• Goal of the exercise:
The data below must be repeated exactly. Leave nothing out.

========

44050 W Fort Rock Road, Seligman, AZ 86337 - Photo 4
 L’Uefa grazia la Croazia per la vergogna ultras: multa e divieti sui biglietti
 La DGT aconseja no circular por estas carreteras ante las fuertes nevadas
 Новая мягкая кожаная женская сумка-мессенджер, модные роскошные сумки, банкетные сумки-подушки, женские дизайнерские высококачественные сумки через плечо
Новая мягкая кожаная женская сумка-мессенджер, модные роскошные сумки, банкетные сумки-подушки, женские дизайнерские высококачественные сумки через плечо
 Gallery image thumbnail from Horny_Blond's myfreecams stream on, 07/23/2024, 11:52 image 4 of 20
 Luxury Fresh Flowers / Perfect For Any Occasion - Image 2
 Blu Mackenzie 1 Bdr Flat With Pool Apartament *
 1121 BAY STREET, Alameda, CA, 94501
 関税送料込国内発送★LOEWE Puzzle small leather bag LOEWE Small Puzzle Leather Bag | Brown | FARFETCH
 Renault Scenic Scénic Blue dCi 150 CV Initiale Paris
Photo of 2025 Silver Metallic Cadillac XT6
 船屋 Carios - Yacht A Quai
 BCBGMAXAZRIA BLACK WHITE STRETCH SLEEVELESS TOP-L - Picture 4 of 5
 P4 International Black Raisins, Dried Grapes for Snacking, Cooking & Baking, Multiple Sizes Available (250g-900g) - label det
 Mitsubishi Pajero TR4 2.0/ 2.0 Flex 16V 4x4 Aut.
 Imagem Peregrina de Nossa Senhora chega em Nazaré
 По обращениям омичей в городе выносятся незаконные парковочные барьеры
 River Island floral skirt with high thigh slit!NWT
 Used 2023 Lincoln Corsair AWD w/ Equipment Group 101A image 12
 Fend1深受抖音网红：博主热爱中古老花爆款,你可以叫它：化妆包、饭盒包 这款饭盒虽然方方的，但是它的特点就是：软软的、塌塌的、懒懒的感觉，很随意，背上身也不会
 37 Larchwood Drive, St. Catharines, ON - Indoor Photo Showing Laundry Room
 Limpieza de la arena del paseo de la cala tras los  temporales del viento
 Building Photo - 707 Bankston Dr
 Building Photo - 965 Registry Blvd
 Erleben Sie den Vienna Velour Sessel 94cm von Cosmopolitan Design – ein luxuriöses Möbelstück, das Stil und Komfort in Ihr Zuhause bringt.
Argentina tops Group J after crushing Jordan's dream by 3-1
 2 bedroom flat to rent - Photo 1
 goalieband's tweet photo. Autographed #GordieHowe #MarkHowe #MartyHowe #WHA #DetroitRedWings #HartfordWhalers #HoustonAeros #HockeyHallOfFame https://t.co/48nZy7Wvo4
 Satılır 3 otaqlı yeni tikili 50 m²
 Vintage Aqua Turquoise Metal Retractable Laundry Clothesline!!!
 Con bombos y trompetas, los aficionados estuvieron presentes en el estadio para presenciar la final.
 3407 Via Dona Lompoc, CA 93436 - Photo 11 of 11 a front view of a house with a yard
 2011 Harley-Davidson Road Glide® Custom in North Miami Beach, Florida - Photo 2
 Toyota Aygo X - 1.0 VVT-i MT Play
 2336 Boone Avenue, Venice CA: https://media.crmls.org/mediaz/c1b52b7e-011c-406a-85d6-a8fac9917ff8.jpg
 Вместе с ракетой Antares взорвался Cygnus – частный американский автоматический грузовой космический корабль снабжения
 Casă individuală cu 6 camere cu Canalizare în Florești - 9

========

• Answer to the exercise:
44050 W Fort Rock Road, Seligman, AZ 86337 - Photo 4
 L’Uefa grazia la Croazia per la vergogna ultras: multa e divieti sui biglietti
 La DGT aconseja no circular por estas carreteras ante las fuertes nevadas
 Новая мягкая кожаная женская сумка-мессенджер, модные роскошные сумки, банкетные сумки-подушки, женские дизайнерские высококачественные сумки через плечо
Новая мягкая кожаная женская сумка-мессенджер, модные роскошные сумки, банкетные сумки-подушки, женские дизайнерские высококачественные сумки через плечо
 Gallery image thumbnail from Horny_Blond's myfreecams stream on, 07/23/2024, 11:52 image 4 of 20
 Luxury Fresh Flowers / Perfect For Any Occasion - Image 2
 Blu Mackenzie 1 Bdr Flat With Pool Apartament *
 1121 BAY STREET, Alameda, CA, 94501
 関税送料込国内発送★LOEWE Puzzle small leather bag LOEWE Small Puzzle Leather Bag | Brown | FARFETCH
 Renault Scenic Scénic Blue dCi 150 CV Initiale Paris
Photo of 2025 Silver Metallic Cadillac XT6
 船屋 Carios - Yacht A Quai
 BCBGMAXAZRIA BLACK WHITE STRETCH SLEEVELESS TOP-L - Picture 4 of 5
 P4 International Black Raisins, Dried Grapes for Snacking, Cooking & Baking, Multiple Sizes Available (250g-900g) - label det
 Mitsubishi Pajero TR4 2.0/ 2.0 Flex 16V 4x4 Aut.
 Imagem Peregrina de Nossa Senhora chega em Nazaré
 По обращениям омичей в городе выносятся незаконные парковочные барьеры
 River Island floral skirt with high thigh slit!NWT
 Used 2023 Lincoln Corsair AWD w/ Equipment Group 101A image 12
 Fend1深受抖音网红：博主热爱中古老花爆款,你可以叫它：化妆包、饭盒包 这款饭盒虽然方方的，但是它的特点就是：软软的、塌塌的、懒懒的感觉，很随意，背上身也不会
 37 Larchwood Drive, St. Catharines, ON - Indoor Photo Showing Laundry Room
 Limpieza de la arena del paseo de la cala tras los  temporales del viento
 Building Photo - 707 Bankston Dr
 Building Photo - 965 Registry Blvd
 Erleben Sie den Vienna Velour Sessel 94cm von Cosmopolitan Design – ein luxuriöses Möbelstück, das Stil und Komfort in Ihr Zuhause bringt.
Argentina tops Group J after crushing Jordan's dream by 3-1
 2 bedroom flat to rent - Photo 1
 goalieband's tweet photo. Autographed #GordieHowe #MarkHowe #MartyHowe #WHA #DetroitRedWings #HartfordWhalers #HoustonAeros #HockeyHallOfFame https://t.co/48nZy7Wvo4
 Satılır 3 otaqlı yeni tikili 50 m²
 Vintage Aqua Turquoise Metal Retractable Laundry Clothesline!!!
 Con bombos y trompetas, los aficionados estuvieron presentes en el estadio para presenciar la final.
 3407 Via Dona Lompoc, CA 93436 - Photo 11 of 11 a front view of a house with a yard
 2011 Harley-Davidson Road Glide® Custom in North Miami Beach, Florida - Photo 2
 Toyota Aygo X - 1.0 VVT-i MT Play
 2336 Boone Avenue, Venice CA: https://media.crmls.org/mediaz/c1b52b7e-011c-406a-85d6-a8fac9917ff8.jpg
 Вместе с ракетой Antares взорвался Cygnus – частный американский автоматический грузовой космический корабль снабжения
 Casă individuală cu 6 camere cu Canalizare în Florești - 9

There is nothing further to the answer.